To advance fundamental understanding of the ocean and climate system, one approach is to combine numerical models and observations to acquire better understanding beyond what can be achieved by either approach alone. Realistic numerical models, when carefully designed and treated, can fill the gaps in the observations and provide a comprehensive view.
MABGOM model was initially configured in 2007 and was one of the earlier setups of realistic regional models based on Regional Ocean Modeling System (ROMS). The model’s horizontal resolution is 10-km in the along-shelf direction, and 6-km in the cross-shelf direction. Over the years, it has been refined and used for a variety of applications: it has successfully provided open boundary conditions for a higher resolution (1-km) model (Chen and He, 2010) that focuses on MAB shelfbreak processes; it has been coupled with a multi-nutrient, size-structured ecosystem model (Lehmann et al., 2009) to depict the physical-biological interaction processes; and it has been configured with the 4D-Var (4-dimensional variational) data assimilation capabilities (Chen et al., 2014) to investigate the interactions of a Gulf Stream warm-core ring with shelfbreak circulation. MABGOM2 (version 2 of MABGOM model) with 5X finer horizontal resolution was built upon MABGOM and was used to investigate the suitability of slope sea as a spawning ground for bluefin tuna (Rypina et al., 2019; Hernandez et al., 2021).
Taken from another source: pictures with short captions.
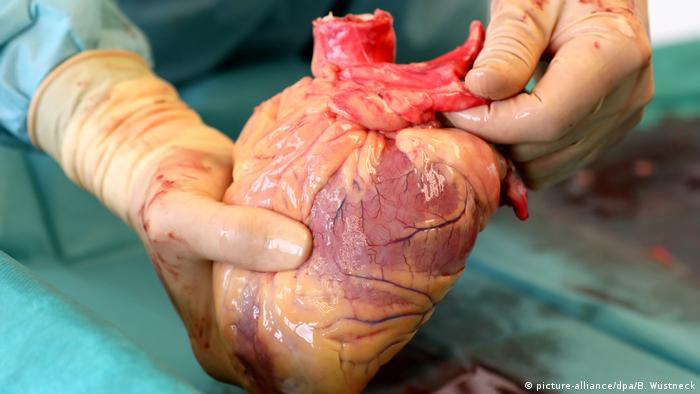 Organtransplantation Herz
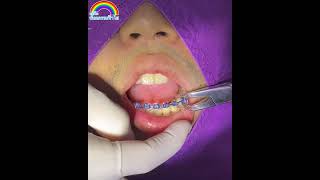 Braces removal l การถอดเหล็กจัดฟัน หลังจากจัดฟันเสร็จแล้ว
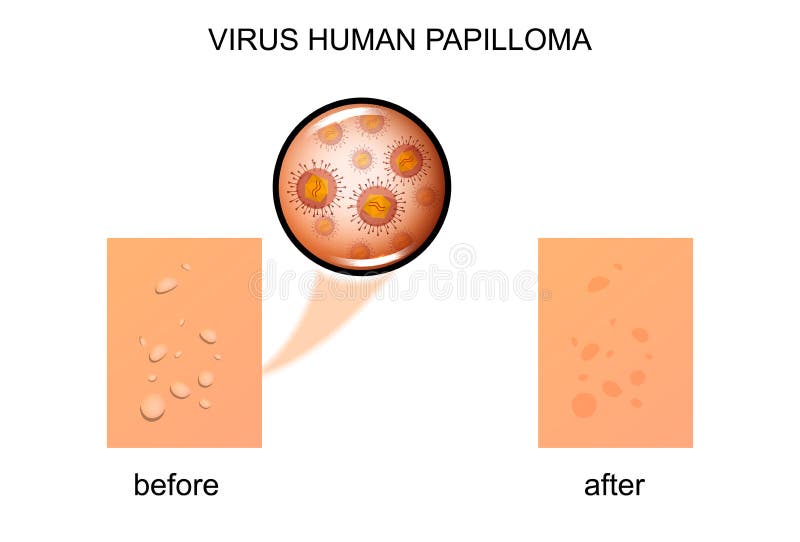 Papiloma del ser humano del virus
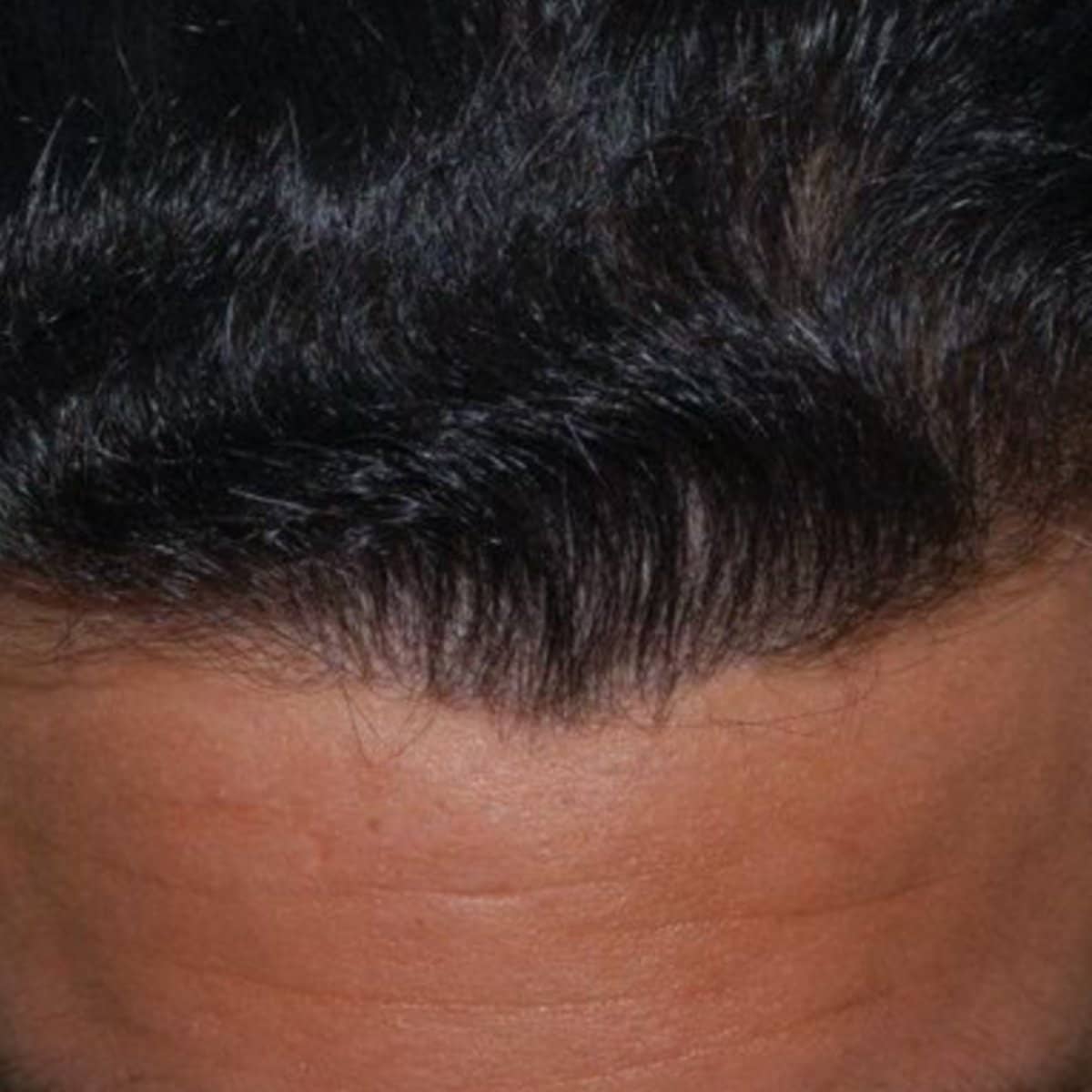 Case 15114 - before and after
With a horizontal resolution of 1km, the NESS (Northeast U.S. Shelf and Slope) model is a more recent iteration of the MABGOM/MABGOM2 model. The purpose is to better capture oceanic meso- to submeso-scale processes in the Northwest North Atlantic shelf-slope region, particularly those associated with cross-shelf exchange processes (Chen et al., 2022). The main advantages of the new NESS model are the aforementioned high horizontal resolution and the location of the southeast boundary further offshore, allowing better representations of the slope current, Gulf Stream, and interaction between the two.
The NWA model (Chen and Yang 2024) was configured to improve the understanding of shelf-ocean interaction in the entire Northeast Atlantic sector, which is one of the most dynamically complex regions in the world oceans. Key elements in modeling shelf-ocean interactions in the NW Atlantic include the along-shelf flow, shelfbreak frontal system, shelfbreak exchanges and their associations with complex topography, buoyancy forcing, and wind forcing.